Exercise instructions: The data is to be repeated exactly, with the images removed.

Data below:
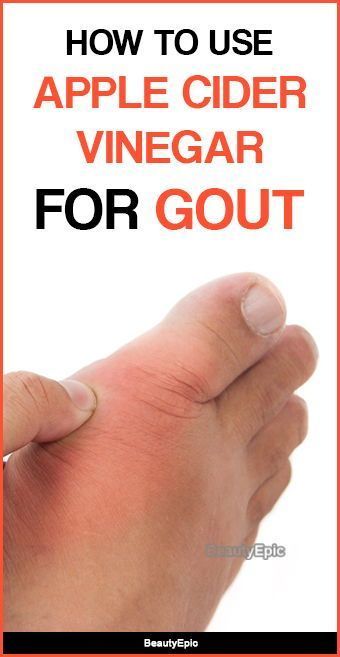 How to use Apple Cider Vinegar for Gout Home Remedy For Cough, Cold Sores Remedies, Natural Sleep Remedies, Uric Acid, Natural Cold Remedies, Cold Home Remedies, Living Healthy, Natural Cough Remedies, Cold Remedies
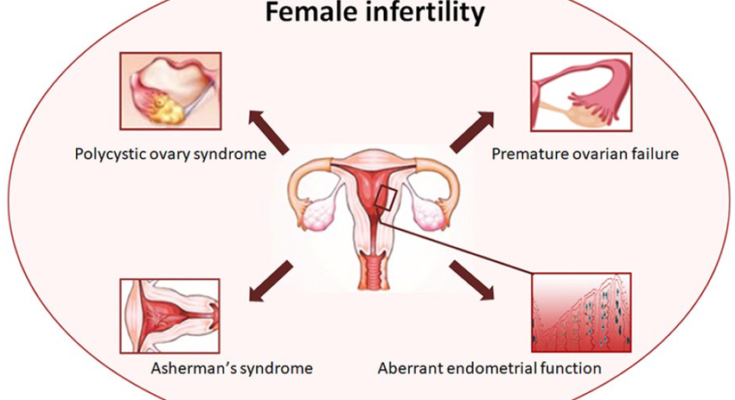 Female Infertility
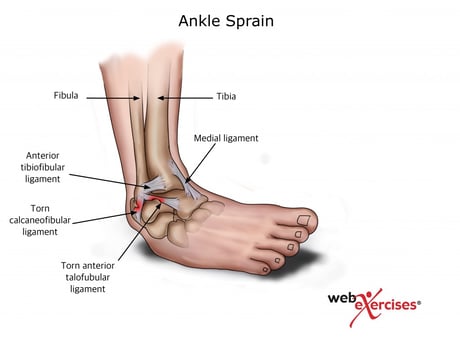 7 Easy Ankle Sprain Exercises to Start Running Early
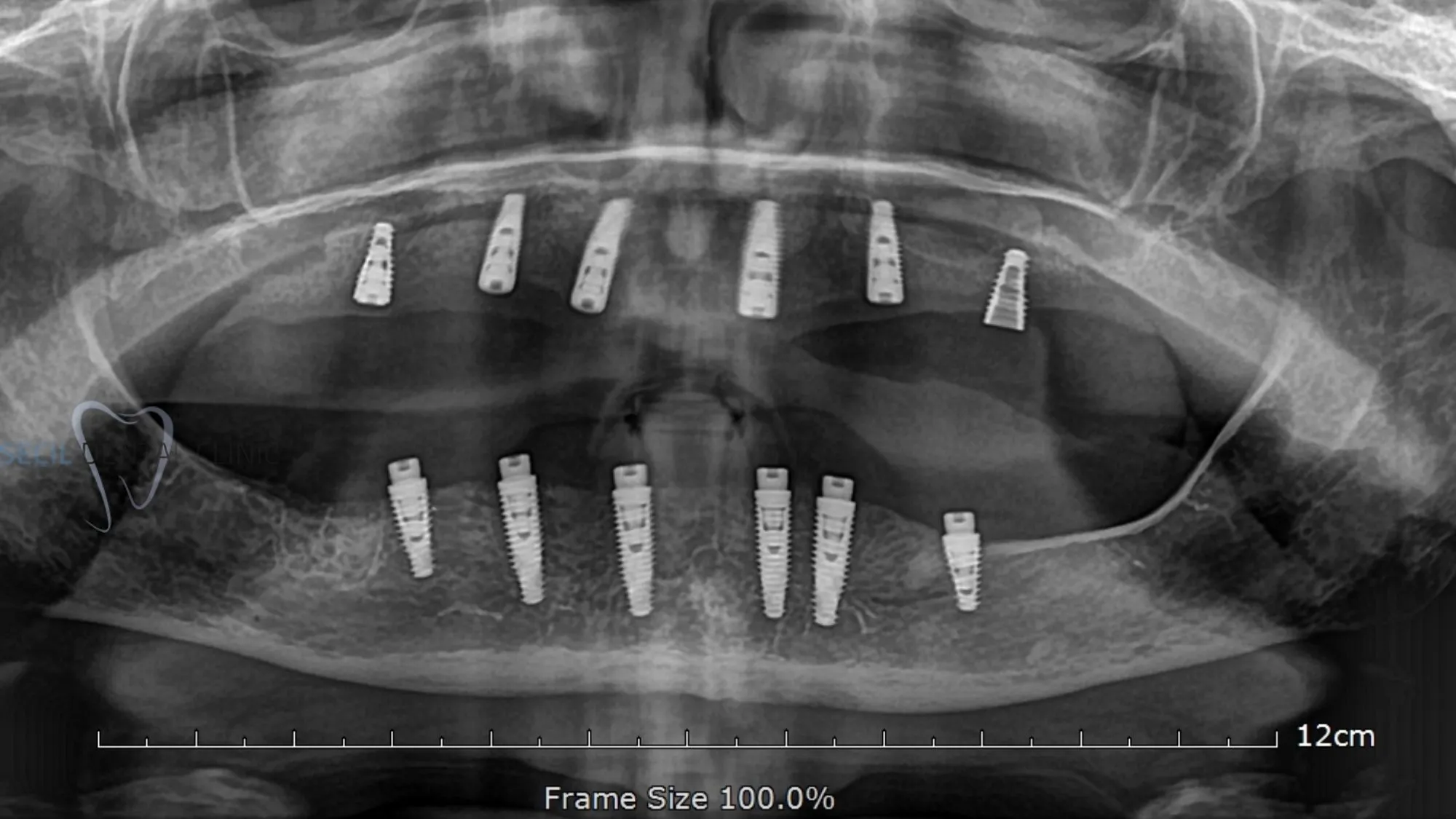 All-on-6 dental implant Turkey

Output of the task:
 How to use Apple Cider Vinegar for Gout Home Remedy For Cough, Cold Sores Remedies, Natural Sleep Remedies, Uric Acid, Natural Cold Remedies, Cold Home Remedies, Living Healthy, Natural Cough Remedies, Cold Remedies
 Female Infertility
 7 Easy Ankle Sprain Exercises to Start Running Early
 All-on-6 dental implant Turkey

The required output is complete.